▶ Material provided
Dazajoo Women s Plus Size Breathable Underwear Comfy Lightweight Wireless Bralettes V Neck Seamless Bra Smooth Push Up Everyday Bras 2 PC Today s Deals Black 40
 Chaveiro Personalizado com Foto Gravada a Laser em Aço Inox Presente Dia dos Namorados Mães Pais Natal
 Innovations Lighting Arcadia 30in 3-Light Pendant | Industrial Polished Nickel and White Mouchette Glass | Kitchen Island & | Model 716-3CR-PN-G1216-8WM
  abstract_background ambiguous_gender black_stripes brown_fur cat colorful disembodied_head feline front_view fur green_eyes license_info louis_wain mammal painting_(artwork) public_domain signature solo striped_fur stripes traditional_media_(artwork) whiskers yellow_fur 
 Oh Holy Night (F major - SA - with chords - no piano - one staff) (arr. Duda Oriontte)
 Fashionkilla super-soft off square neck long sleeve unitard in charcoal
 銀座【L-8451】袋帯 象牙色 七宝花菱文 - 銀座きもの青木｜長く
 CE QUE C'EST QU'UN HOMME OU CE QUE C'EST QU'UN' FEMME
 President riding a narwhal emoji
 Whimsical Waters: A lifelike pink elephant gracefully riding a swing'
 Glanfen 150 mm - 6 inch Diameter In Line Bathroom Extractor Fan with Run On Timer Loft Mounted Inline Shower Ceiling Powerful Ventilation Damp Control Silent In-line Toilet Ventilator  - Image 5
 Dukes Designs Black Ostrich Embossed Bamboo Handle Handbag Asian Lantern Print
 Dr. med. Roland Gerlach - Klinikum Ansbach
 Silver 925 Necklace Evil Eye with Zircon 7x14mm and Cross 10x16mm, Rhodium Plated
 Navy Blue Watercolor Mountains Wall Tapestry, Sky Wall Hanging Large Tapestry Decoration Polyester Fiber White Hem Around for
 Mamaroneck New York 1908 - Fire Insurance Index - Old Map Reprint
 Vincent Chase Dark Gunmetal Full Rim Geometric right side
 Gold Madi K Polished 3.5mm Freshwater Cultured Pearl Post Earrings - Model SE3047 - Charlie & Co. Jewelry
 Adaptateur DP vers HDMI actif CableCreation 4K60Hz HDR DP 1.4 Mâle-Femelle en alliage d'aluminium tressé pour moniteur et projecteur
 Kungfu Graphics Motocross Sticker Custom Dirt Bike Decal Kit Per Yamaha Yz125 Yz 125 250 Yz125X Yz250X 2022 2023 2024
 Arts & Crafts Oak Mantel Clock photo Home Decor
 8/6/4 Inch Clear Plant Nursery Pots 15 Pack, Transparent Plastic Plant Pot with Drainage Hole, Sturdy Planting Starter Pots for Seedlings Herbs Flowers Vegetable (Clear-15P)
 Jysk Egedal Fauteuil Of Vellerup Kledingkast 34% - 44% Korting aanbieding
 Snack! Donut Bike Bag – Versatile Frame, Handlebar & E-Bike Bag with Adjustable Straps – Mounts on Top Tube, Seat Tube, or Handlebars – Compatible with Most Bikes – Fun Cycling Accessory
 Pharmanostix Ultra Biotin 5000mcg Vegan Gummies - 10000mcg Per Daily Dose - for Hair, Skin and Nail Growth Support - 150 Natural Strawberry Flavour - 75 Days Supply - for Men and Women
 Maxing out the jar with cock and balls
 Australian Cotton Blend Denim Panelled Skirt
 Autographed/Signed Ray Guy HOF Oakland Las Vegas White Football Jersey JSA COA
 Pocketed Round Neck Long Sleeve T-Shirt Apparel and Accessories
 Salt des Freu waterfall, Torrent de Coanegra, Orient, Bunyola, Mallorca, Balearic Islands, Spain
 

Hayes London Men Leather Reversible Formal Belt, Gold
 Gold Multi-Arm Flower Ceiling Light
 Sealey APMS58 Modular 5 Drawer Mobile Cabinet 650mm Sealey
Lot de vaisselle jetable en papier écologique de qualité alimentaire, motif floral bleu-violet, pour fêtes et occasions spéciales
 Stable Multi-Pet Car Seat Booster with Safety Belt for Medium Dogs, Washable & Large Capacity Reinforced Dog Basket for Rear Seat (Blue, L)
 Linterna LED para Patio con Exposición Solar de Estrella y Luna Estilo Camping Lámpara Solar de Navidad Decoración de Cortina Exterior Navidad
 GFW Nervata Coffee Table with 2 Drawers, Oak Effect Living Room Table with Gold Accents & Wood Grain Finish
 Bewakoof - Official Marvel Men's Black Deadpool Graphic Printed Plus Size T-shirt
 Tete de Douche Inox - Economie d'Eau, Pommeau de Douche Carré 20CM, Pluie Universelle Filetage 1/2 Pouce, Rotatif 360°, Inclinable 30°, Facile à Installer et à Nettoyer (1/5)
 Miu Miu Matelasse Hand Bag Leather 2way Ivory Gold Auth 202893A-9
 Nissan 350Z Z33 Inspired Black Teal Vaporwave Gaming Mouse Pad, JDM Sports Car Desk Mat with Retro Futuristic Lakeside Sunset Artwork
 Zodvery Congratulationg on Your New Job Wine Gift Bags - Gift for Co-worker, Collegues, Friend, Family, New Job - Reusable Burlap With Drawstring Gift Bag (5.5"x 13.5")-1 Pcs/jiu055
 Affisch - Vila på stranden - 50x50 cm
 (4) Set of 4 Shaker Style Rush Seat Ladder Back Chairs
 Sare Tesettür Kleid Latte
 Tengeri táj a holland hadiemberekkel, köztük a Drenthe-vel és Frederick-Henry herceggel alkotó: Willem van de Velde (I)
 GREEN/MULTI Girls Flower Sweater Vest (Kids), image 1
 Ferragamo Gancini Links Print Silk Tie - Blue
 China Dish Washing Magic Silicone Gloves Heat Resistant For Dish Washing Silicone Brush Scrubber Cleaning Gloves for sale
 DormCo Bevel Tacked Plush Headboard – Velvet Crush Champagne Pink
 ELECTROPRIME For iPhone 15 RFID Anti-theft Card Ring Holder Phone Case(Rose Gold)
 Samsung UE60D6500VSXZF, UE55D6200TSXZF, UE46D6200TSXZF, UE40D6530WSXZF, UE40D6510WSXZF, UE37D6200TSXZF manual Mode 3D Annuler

▶ About this exercise
In the records above, find the lines holding "Ceiling". Copy each one.

▶ Task result
 Glanfen 150 mm - 6 inch Diameter In Line Bathroom Extractor Fan with Run On Timer Loft Mounted Inline Shower Ceiling Powerful Ventilation Damp Control Silent In-line Toilet Ventilator  - Image 5
 Gold Multi-Arm Flower Ceiling Light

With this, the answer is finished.